AVI → MP4

AVI to MP4 Converter — Free, In Your Browser

Drop an .avi file, get an .mp4 that plays everywhere. We re-encode the legacy DivX/Xvid video and MP3 audio into modern H.264 + AAC inside an MP4 container — the format your phone, your TV, and every web player actually expects.

  • No upload
  • No signup
  • No watermark
  • Up to 500 MB
  • H.264 / AAC output

Files never leave your browser. The conversion runs locally on your device.

AVI is a 30-year-old container, and that is the problem

AVI was Microsoft's 1992 answer to digital video. It is still around, but the codecs that ended up living inside it — DivX, Xvid, MPEG-4 Part 2, MP3 audio — are basically retired. Modern browsers will not decode them. Quick Look will not preview them. iOS will refuse them outright. Even VLC, the universal player of last resort, sometimes audio-desyncs on older AVIs. The right move is almost always to re-encode the streams into H.264 + AAC and hand them off in an MP4 wrapper, which is exactly what this tool does.

What this tool does, exactly

We re-encode the video to H.264 at CRF 22 (visually lossless for most home-video and screen-capture AVIs), the audio to AAC at 160 kbps, and write the result as an MP4 with the +faststart flag so it begins playing immediately when streamed. Pixel format is forced to yuv420p because some old AVIs use exotic chroma layouts that hardware decoders refuse. Quality stays the same since we are going from one lossy codec to another at high quality — no detail is recovered, but none is meaningfully lost either.

No upload — what does that mean?

Most online AVI converters are server-side: your file gets uploaded, transcoded on their box, and returned via download link. That is fine for a clip from a public DVD rip, less fine for old family-camcorder footage you would rather not park on a stranger's server. This tool runs FFmpeg inside your browser via WebAssembly. Your file never leaves your device — you can pull the network plug after the page loads and the conversion still finishes.

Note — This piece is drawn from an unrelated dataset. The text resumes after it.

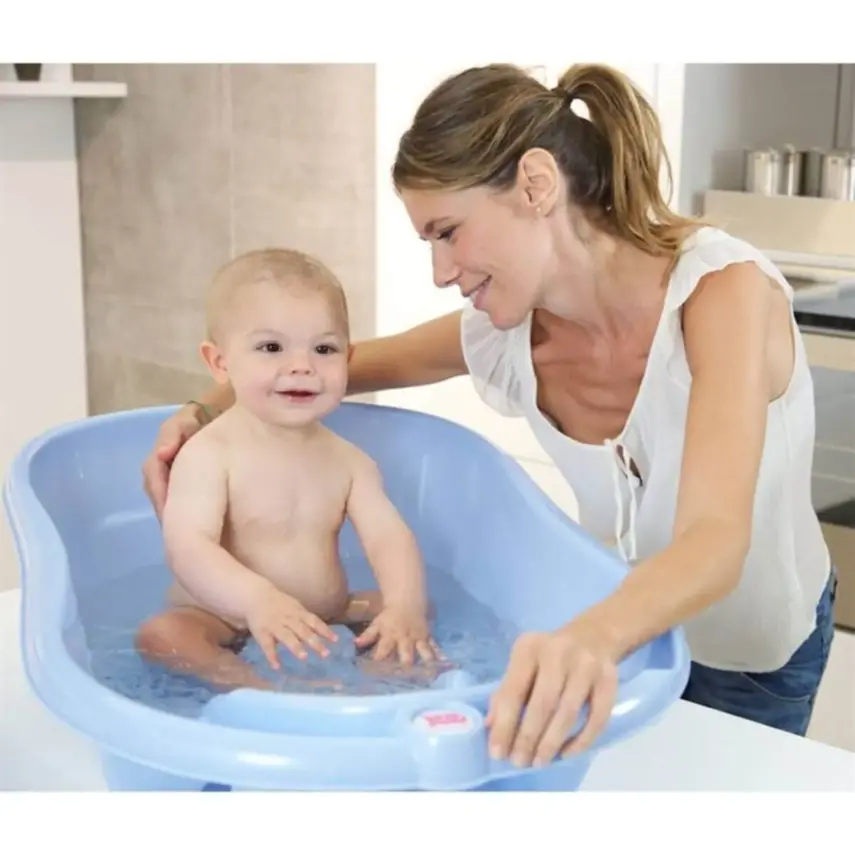Okbaby Onda Bebek Banyo Küveti Mavi - 5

When the desktop app is the better answer

The browser version of FFmpeg is single-threaded with about a 2 GB memory ceiling. AVI re-encoding is heavier than a remux, so a 90-minute home-video AVI will take a while in here. If you are converting a folder of old camcorder tapes, the Clipy desktop app uses the native FFmpeg build with multi-threading and no memory cap. Same conversion, typically 3–5× faster, and still no upload.

Common questions

Why does my AVI not play in modern apps?

Almost always because the codec inside is DivX, Xvid, or MPEG-4 Part 2 — formats that browsers and iOS dropped support for years ago. The AVI container itself is not the issue; the streams inside it are. This tool re-encodes those streams to H.264 + AAC, which every modern player still supports.

Will quality drop if I re-encode?

We use CRF 22, which is visually lossless for any reasonable AVI source. You are going from one lossy codec to another, so technically nothing is recovered, but at this quality target the result will look identical to the input on any normal screen.

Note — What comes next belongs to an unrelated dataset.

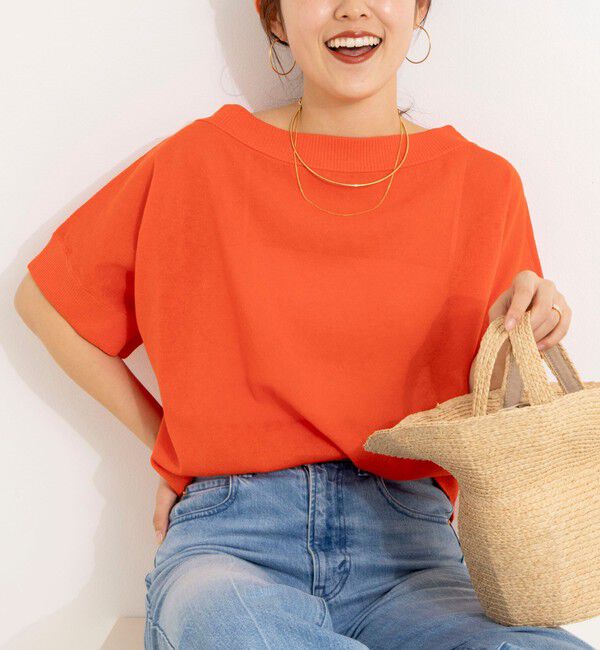 NOLLEY'S「《手洗い可能》コットンセルロースリラックスプルオーバー」|ニット・セーター|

How big a file can I convert?

About 500 MB in the browser, which covers most single-episode AVIs. Beyond that the WebAssembly memory ceiling becomes the bottleneck. For longer files use a desktop converter — the Clipy desktop app handles bigger files natively.

Why is the first conversion slower than the second?

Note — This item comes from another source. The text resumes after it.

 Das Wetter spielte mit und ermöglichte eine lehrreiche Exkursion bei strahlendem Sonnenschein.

On the first run we have to download the FFmpeg WebAssembly bundle (~25 MB) and initialize it. After that it stays in memory for the rest of your session, and subsequent conversions skip the load step.

Can I batch-convert a folder of AVIs?

Not yet — one file at a time in the browser. If you have a stack of old tapes to digitize, use a desktop converter for the batch. We are tracking demand for a multi-file mode and may add it if it gets requested often.